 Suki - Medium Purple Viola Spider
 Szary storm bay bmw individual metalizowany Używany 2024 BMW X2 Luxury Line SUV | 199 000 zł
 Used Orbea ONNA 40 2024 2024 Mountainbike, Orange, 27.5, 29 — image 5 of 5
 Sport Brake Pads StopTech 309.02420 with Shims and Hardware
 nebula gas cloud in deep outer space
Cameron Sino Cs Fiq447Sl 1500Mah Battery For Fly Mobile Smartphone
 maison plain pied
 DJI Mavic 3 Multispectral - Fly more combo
--
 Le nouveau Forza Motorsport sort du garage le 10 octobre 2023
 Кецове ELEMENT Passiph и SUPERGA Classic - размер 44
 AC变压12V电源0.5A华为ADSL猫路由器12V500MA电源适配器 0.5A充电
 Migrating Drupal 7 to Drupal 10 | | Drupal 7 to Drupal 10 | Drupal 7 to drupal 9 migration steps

## TASK ITEM
Output the lines above between the one holding "Suki - Medium Purple Viola Spider" and the one holding "DJI Mavic 3 Multispectral - Fly more combo", inclusive, with nothing before or after them.

## PROBLEM SOLUTION
 Suki - Medium Purple Viola Spider
 Szary storm bay bmw individual metalizowany Używany 2024 BMW X2 Luxury Line SUV | 199 000 zł
 Used Orbea ONNA 40 2024 2024 Mountainbike, Orange, 27.5, 29 — image 5 of 5
 Sport Brake Pads StopTech 309.02420 with Shims and Hardware
 nebula gas cloud in deep outer space
Cameron Sino Cs Fiq447Sl 1500Mah Battery For Fly Mobile Smartphone
 maison plain pied
 DJI Mavic 3 Multispectral - Fly more combo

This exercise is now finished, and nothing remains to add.